§ **EXERCISE**
Among the entries below, only the lines starting at the one with "Świece - Świeczka" and ending at the one with "2024-25 Upper Deck", both included, are to be printed exactly.
--- RECORDS FOR THE TASK ---
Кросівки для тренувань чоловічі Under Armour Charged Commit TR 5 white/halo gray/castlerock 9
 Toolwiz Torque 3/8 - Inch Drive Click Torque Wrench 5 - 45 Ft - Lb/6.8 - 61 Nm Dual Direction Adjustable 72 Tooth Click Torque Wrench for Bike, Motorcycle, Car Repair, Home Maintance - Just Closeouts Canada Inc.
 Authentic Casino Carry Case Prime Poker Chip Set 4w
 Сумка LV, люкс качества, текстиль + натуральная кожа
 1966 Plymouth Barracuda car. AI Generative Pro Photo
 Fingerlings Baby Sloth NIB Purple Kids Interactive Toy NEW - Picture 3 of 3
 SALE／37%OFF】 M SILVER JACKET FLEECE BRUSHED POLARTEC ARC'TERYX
---
--- RECORDS FOR THE TASK ---
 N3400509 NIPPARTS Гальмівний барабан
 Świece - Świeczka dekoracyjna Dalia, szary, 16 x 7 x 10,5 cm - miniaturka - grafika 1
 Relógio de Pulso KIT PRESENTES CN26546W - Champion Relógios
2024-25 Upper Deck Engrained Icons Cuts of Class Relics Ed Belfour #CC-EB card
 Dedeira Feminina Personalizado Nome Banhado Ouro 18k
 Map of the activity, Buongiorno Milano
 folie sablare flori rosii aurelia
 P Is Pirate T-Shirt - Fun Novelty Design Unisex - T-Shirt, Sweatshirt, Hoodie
---
§ **OUTPUT OF THE EXERCISE**
 Świece - Świeczka dekoracyjna Dalia, szary, 16 x 7 x 10,5 cm - miniaturka - grafika 1
 Relógio de Pulso KIT PRESENTES CN26546W - Champion Relógios
2024-25 Upper Deck Engrained Icons Cuts of Class Relics Ed Belfour #CC-EB card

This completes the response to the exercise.